Here is Simon's message:
"This is a real long-shot but I wondered if you might be able to help me. My grandmother is in the early stages of senile dementia, and with this in mind the family have recently been making an effort to talk to her about her childhood, which she still remembers vividly, rather than more recent events (which sadly she does not).

"In our last conversation she was reminiscing about a book she read repeatedly during her childhood. She could not remember its title, only that it was a book of fairy tales, and that the main character was a fairy called Oona (she was certain of that spelling). She said she read it between the ages of 7 and 9, which would mean c. 1932-35 (although of course the book may have been published before that).

"I have been trying to see if I can identify the book, and get hold of a copy, since I think it would mean a lot to her to read it again. My research indirectly led me to the Ruth Manning-Sanders page, which it appears you are largely responsible for, although it appears that only a handful of her publications are early enough to fit the bill. And sadly I can find no details of those books anywhere.

"Any advice you could offer would be greatly appreciated. Does the name Oona ring any bells? Are there any other online resources or catalogues that might prove fruitful?"
I'm going to do some searching this weekend. But I wanted to throw it out there to all of you, to see if we can come up with as many leads as possible for Simon and his grandmother. Spread the word!

Leave anything you find in the comments or email me at


  1. I found this informaion, but I'm not sure if it will help becaus of the publication date.

    Ruth Sawyer's lyrical Christmas story, originally published in 1941, and now hauntingly illustrated by Max Grafe, will melt readers' hearts and make them long for a white and magical Christmas.

    A hundred years ago and more, on a stretch of road that runs from the town of Donegal to Killybegs and the sea, a drove of tinkers went their way of mending pots and thieving lambs. Having a child too many for the caravan, they left it, new-born, upon a cabin doorstill in Carn-na-ween.

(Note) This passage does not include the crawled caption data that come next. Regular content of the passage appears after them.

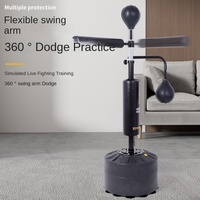 Cible de frappe autonome Powermax en PU de haute qualité, 17 kg, avec barre de réflexe réglable pour l'entraînement de boxe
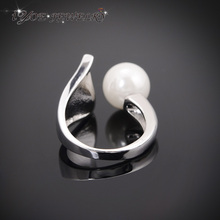 Wholesale Freshwater Pearl Ring For Women Platinum Plated Fashion Couple Rings With AAA Zircon New Brand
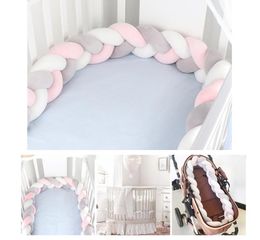 Beddengoed sets 4m baby bed bumper op de wieg set voor geboren cot -beschermer knoop vlecht kussen kussen anticollision 220718 drop levering dhcia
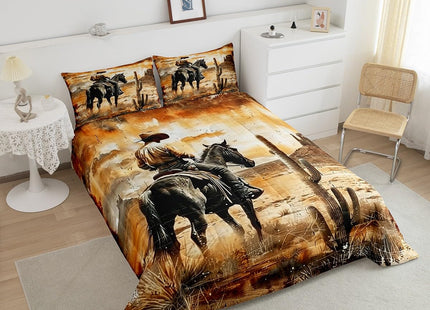 Erosebridal Western Cowboy Bedding Set Twin Size for Kids Boys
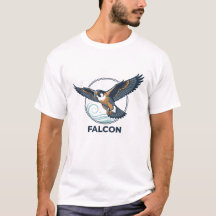 Camisetas para hombre de halcón peregrino
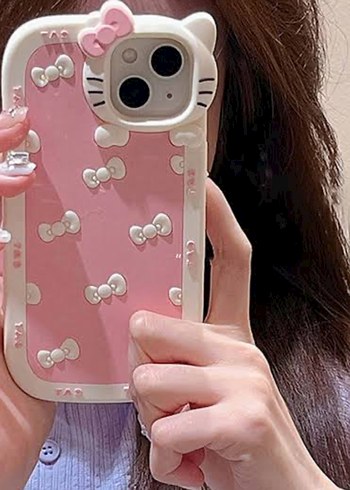 Hello kitty telefon kılıfı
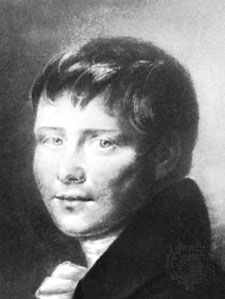 Heinrich von Kleist, drawing by Wilhelmina von Zenge, 1801; in the Staatsbibliothek Preussischer Kulturbesitz, Berlin.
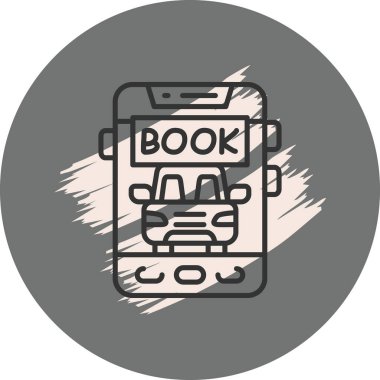 Araç rezervasyon uygulamasını gösteren cep telefonu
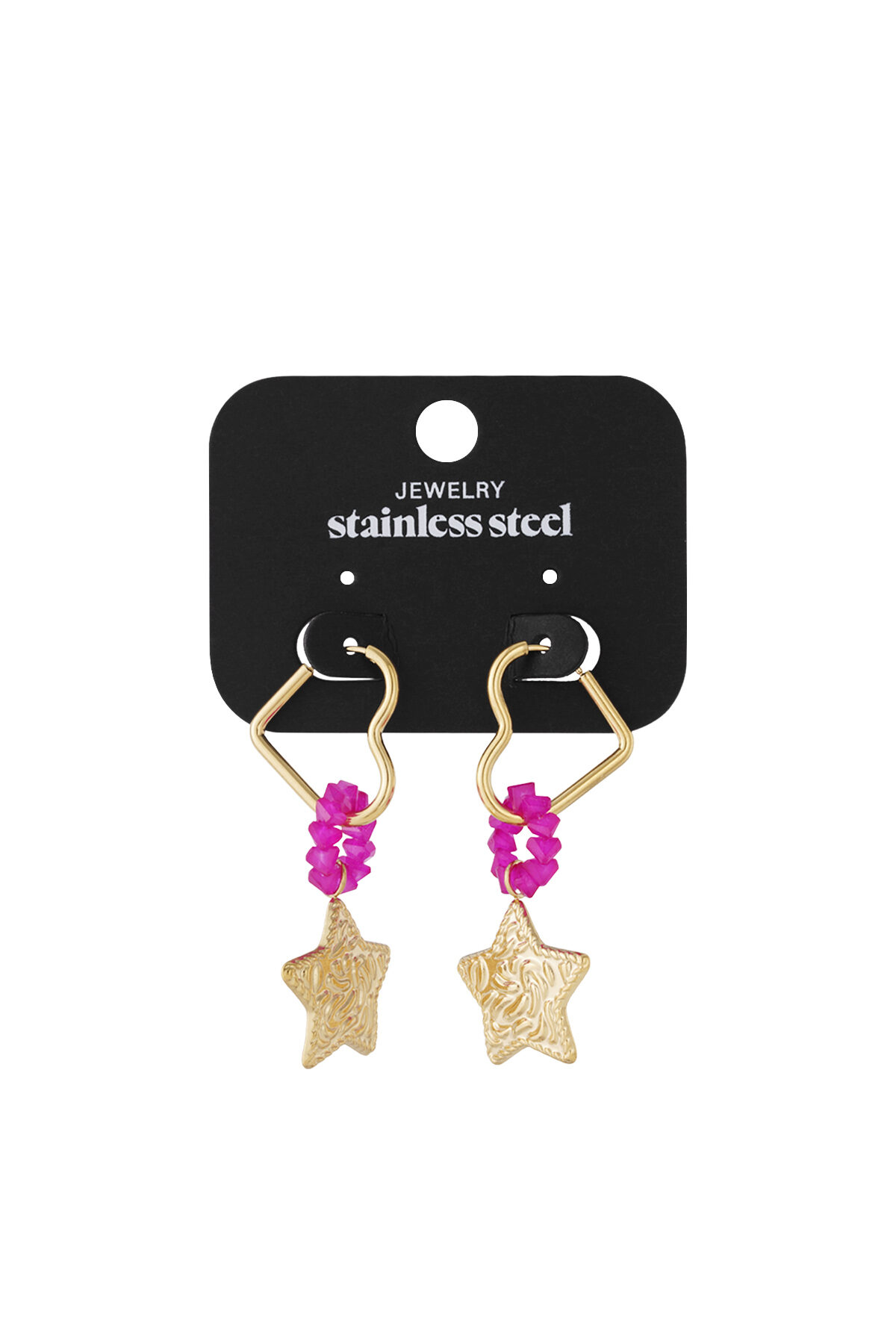 Stainless Steel Drop Earrings Heart Casual Daily Simple Series Women's jewelry thumbnail 4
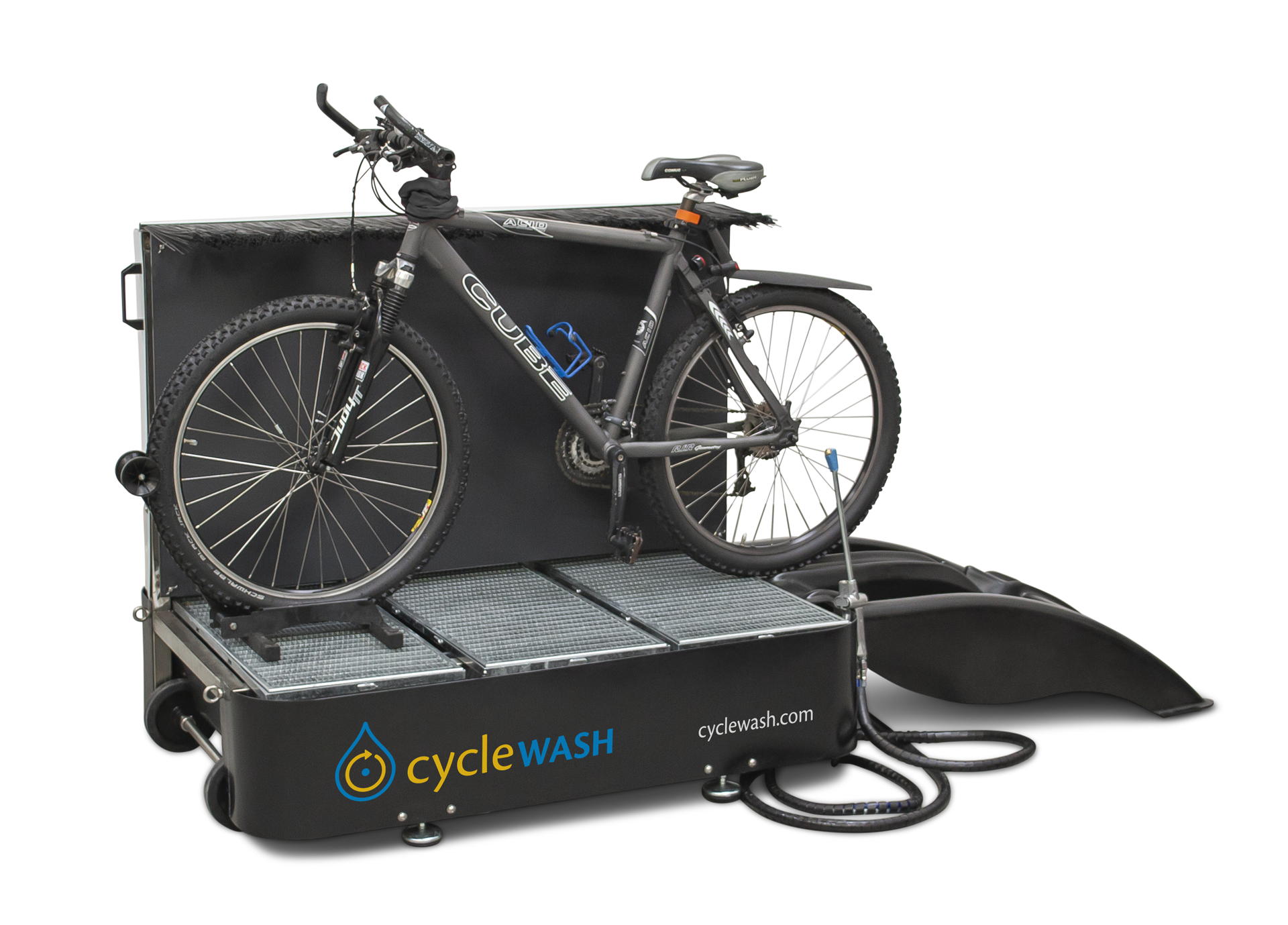 cycleWASH mini BASIC mit Fahrrad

    So begins the life of Oona Hegarty, who grows up to be beautiful, kind, talented and clever — but doomed , as a tinker's child, never to marry or have a home of her own. She spends her life wandering from cabin to cabin, nurturing others' children or tending the sick and the old, only to be turned out again when her usefulness has passed. Then comes the snowy Christmas Eve when Oona, an old woman now, finds herself homeless, hoisting a bundle of donated treasures almost too heavy to lift. With a famine turning human hearts to stone and not a soul who is willing to take her in, it seems Oona will end her days with no place to rest her head or warm her bones. But what of the Gentle People said to live in the boglands near Carn-na-ween — will they let an old woman's lifelong kindness go unrewarded, especially on a white Christmas?

  2. There is a fairy called Oona in the 1985 movie Legend.